Text Analysis of Causes of Accidents in Flight School


Introduction and Business Understanding

The data that we will analyze is “Aircraft accident reports from NTSB of 1,906 aircraft accidents”.

Flight School experiences a high-volume aircraft accident and wants to get recommendations from analysts to determine the causes of accidents and in what phases accidents occurred in Instructional Flights and give some corrective actions to reduce these accidents potentially. Flight School also wants Instructional flights, highlights its percentage of crashes, and relates to Personal flight crashes.

Data Understanding

The “Aircraft Incidents (1)” JMP file contains 1,906 accident reports or number of cases. The data set included 28 categorical variables, and our focus is on “Narrative Cause,” and we will be focusing on “Purpose of the Flight” and in what Phase the aircraft was during these accidents. In the “Purpose of the flight” category, 1,906 of total flights, “Unknown” is nine flights, and we are missing additional information from reports on 158 flights. Our concern is within Instructional Flights as the company has asked even though it’s ranked second in the highest percentages of accidents, first Personal Flights. Flight School had 1092 or 57.3% accidents when they used aircraft for personal purposes and 272 or 14.3% for Instructional Purposes.
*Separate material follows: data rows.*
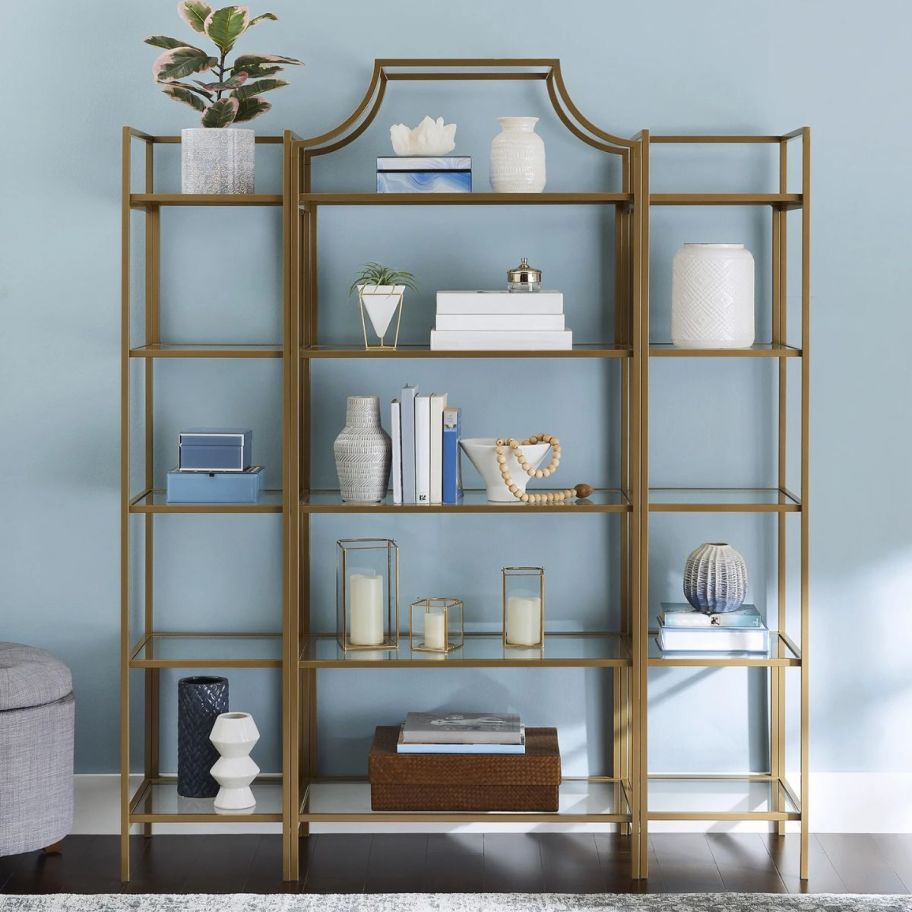 2 nola narrow bookcases shown with nola etegere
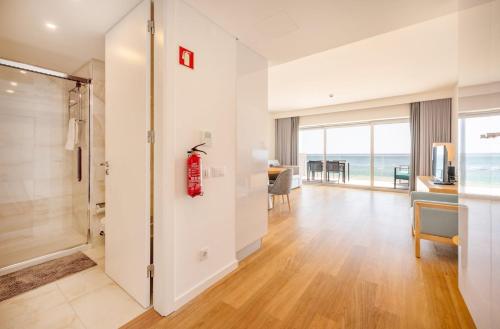 a living room with a view of the ocean at GuestReady - Beachfront Naufrago's Retreat 2 in Sesimbra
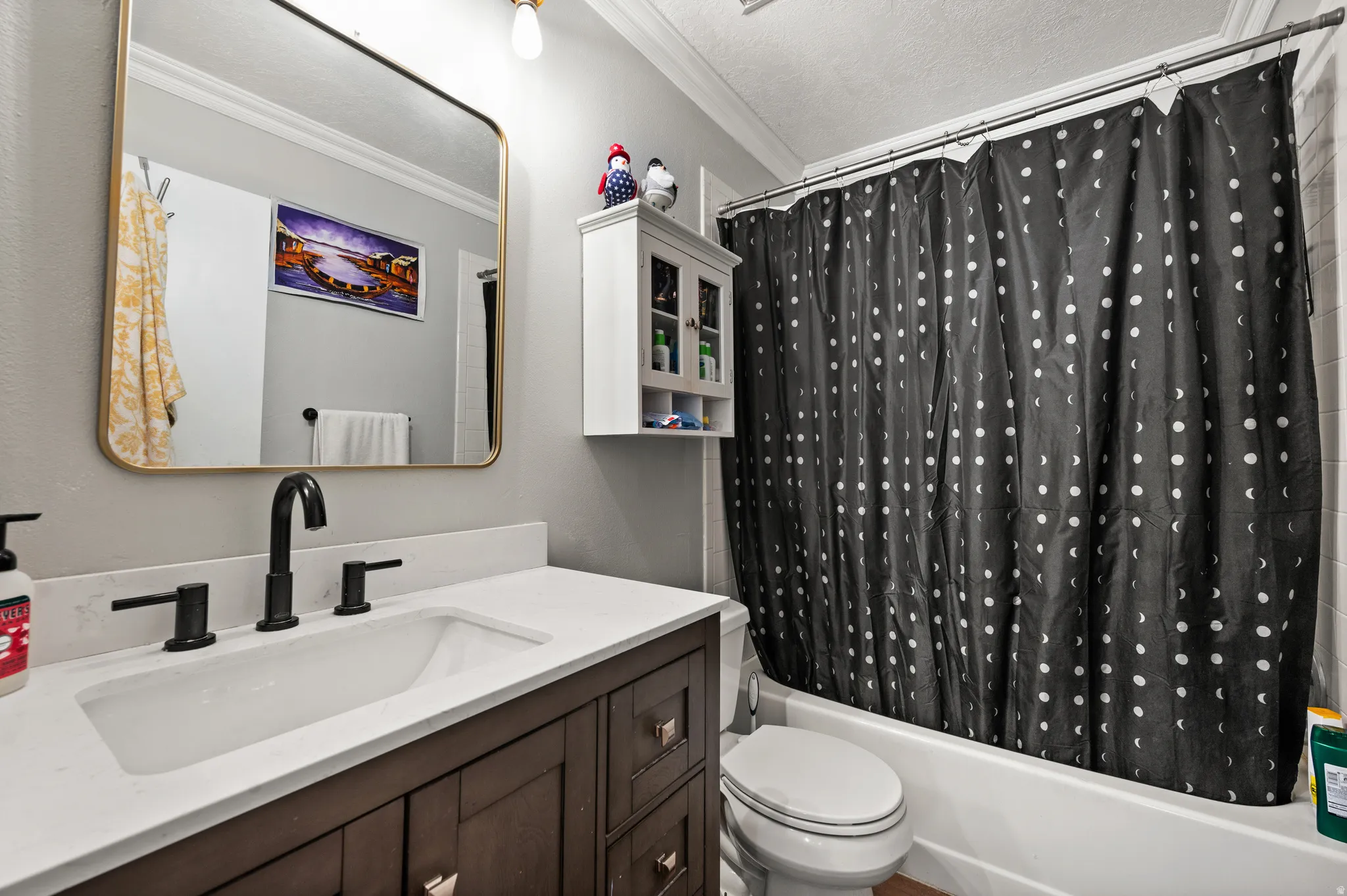 Bathroom vanity featuring a vessel sink, dark wood-finish cabinetry, and matte black fixtures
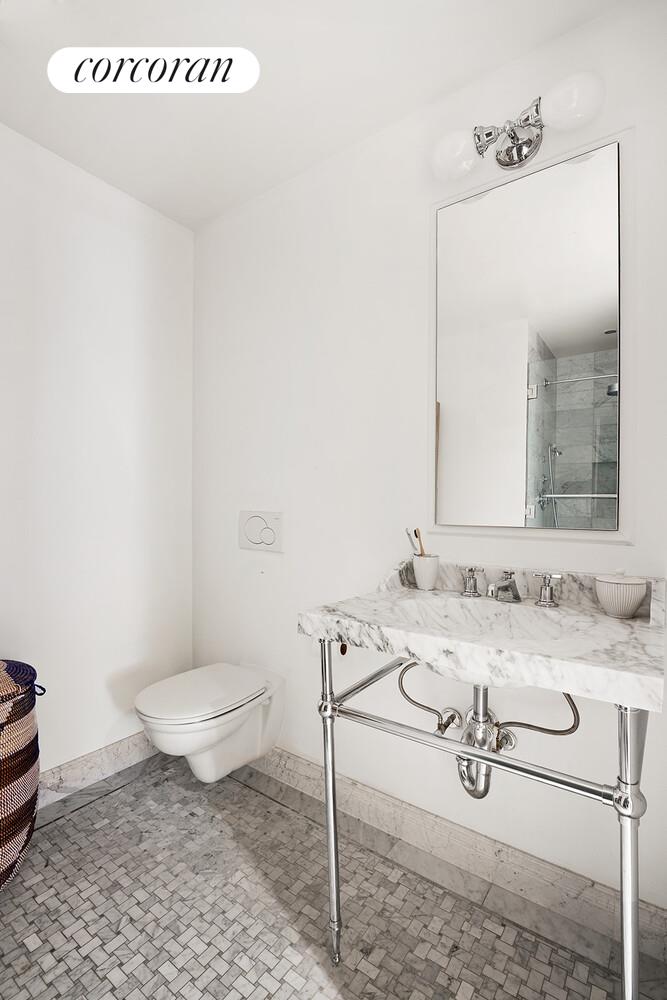 16 West 21st Street, Unit 10/11 Manhattan, NY 10010 - Photo 15 of 18 a bathroom with a granite countertop sink and a mirror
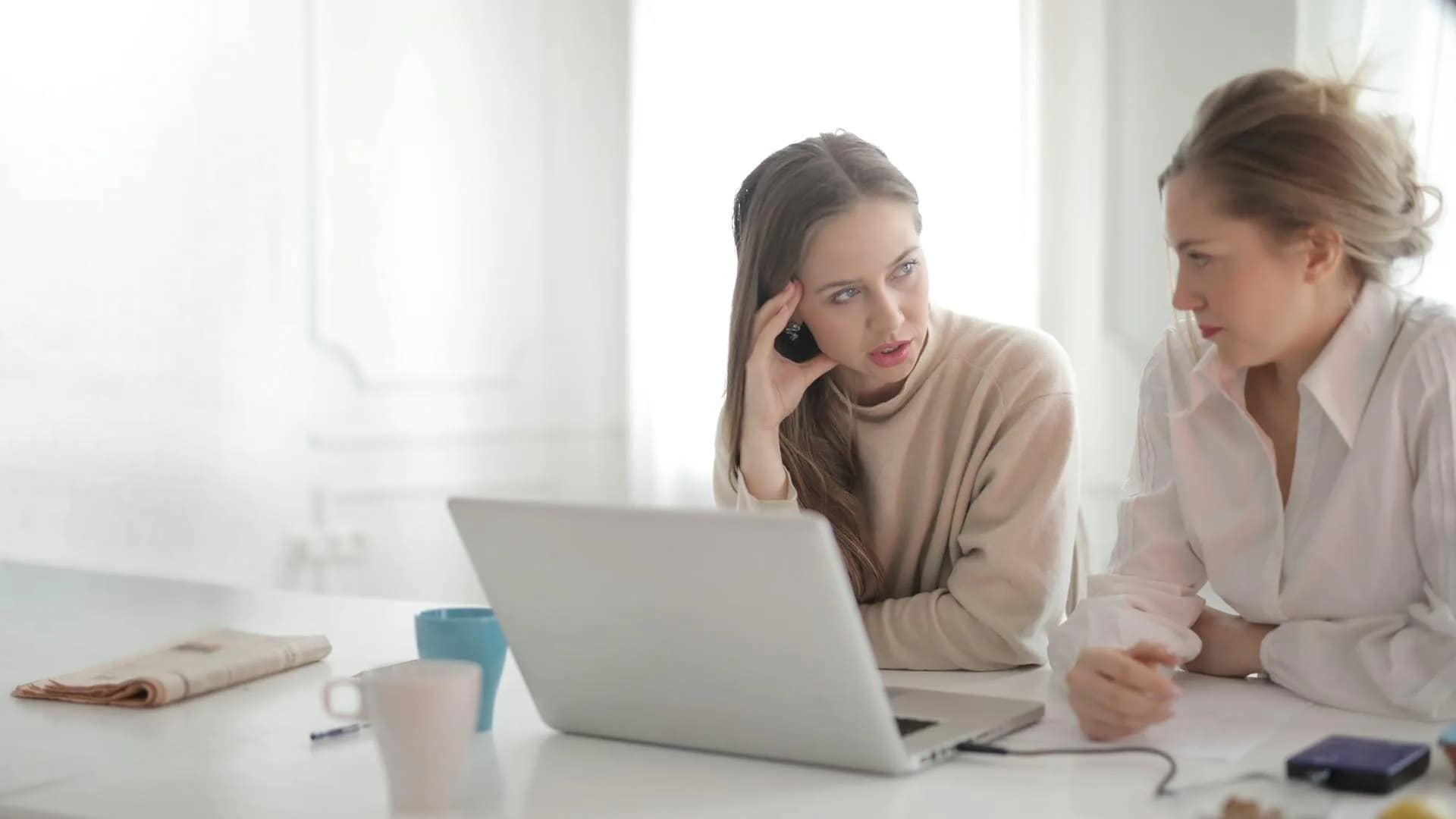 Two colleagues at a laptop, one listening on the phone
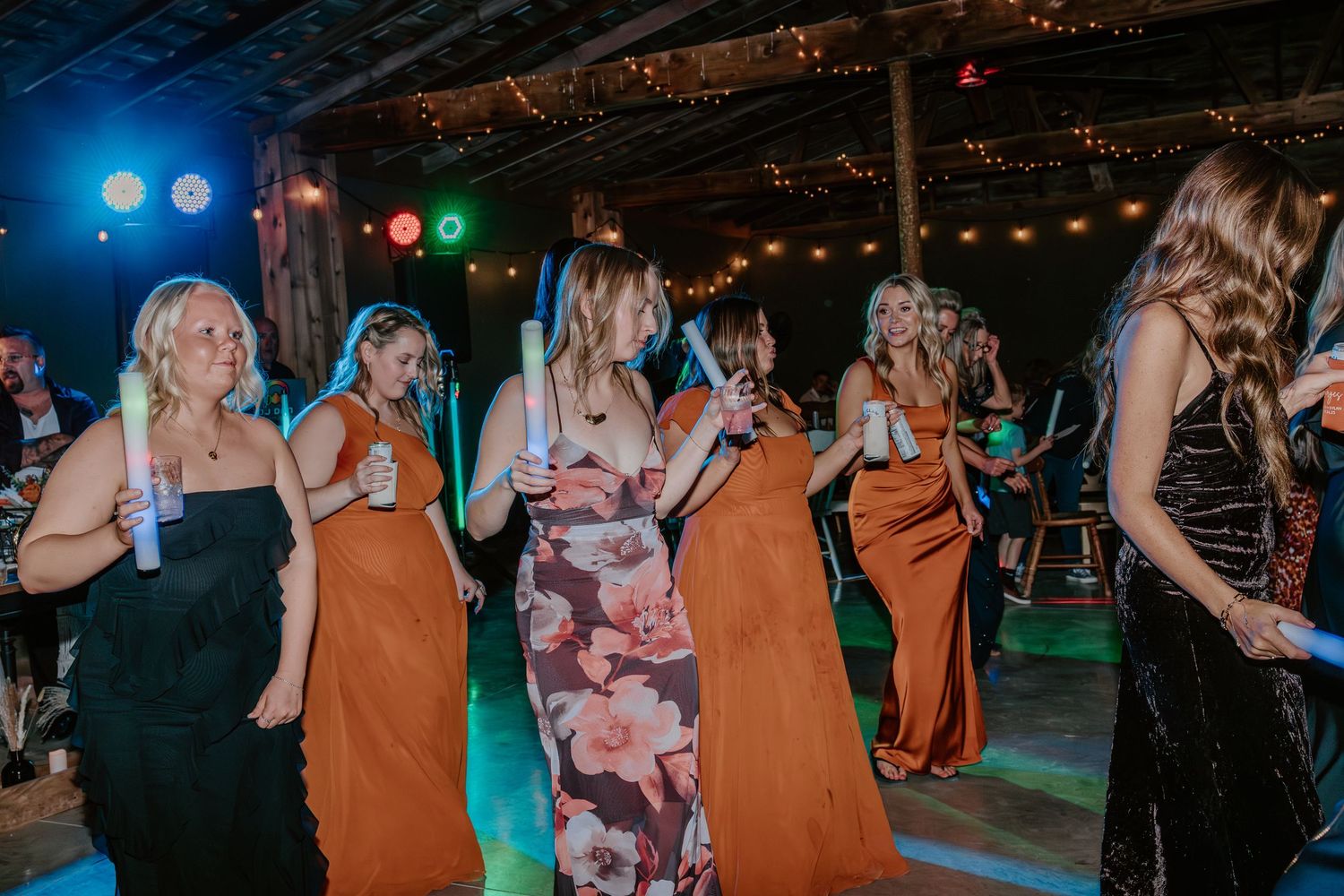 A group of people dancing and enjoying themselves at a party with colorful lights and a rustic venue setting.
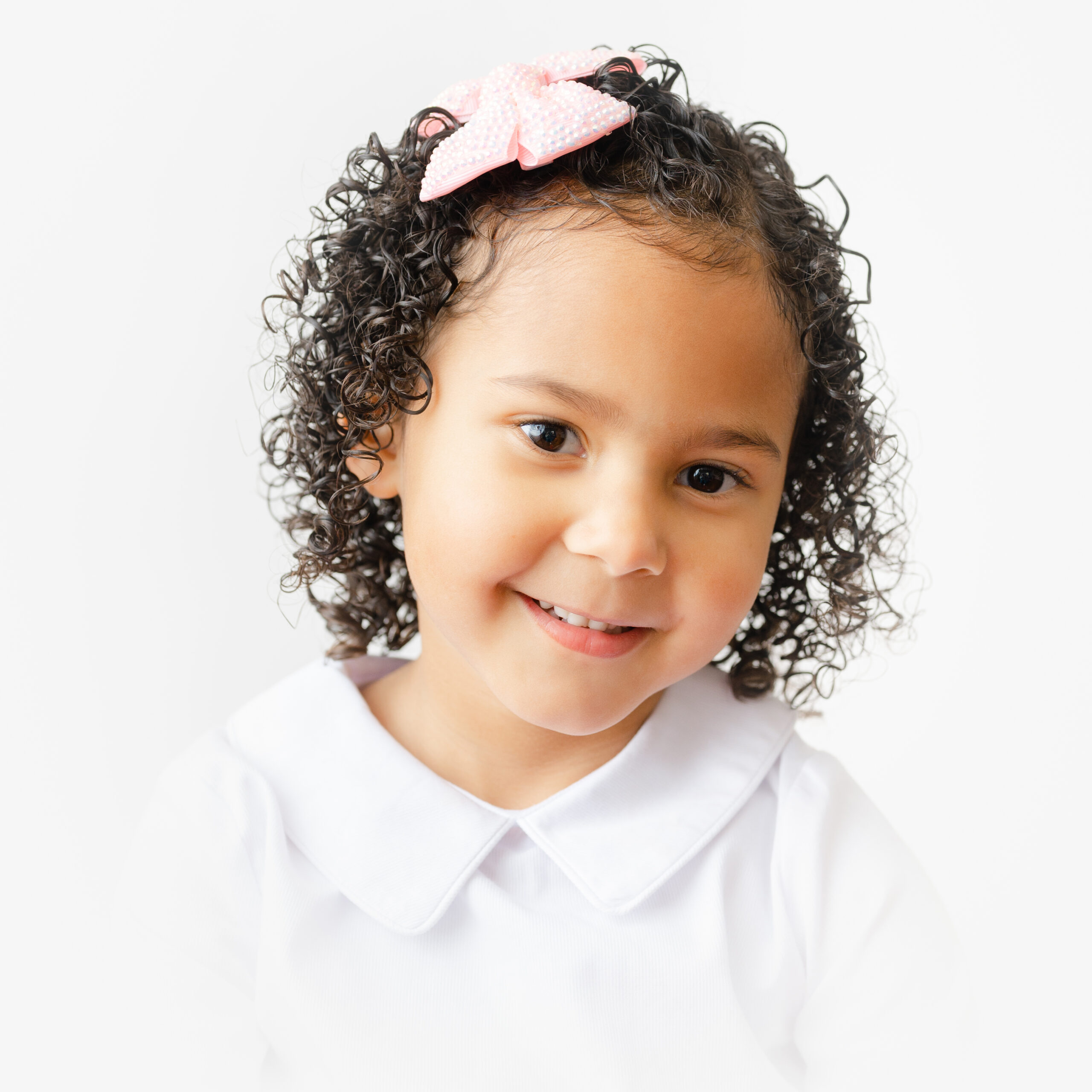 Little girl with beautiful curls smiles during her photo session.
The biggest concern in Instructional flights is that most accidents happened while the plane was landing - Landing Phase, which is 123 times out of 272 or 45.22% of total casualties. The second biggest Phase with accidents is Taking off the aircraft with 46 times or 16.91% of total accidents.


Here we analyze Instructional Flights in the Landing Phase.

Using Tabulate, we’ve created a table showing that the highest percentage of accidents happened in Personal and Instructional Flights 62.47% and 15.56%, respectively. Landing is the highest “Broad phase of flights” for both Personal and Instructional Flights with 27.29% and 45.22% respectively, since Instructional flights have the most significant percentage of crashes in the landing phase, it is our concern from now. Appendix A.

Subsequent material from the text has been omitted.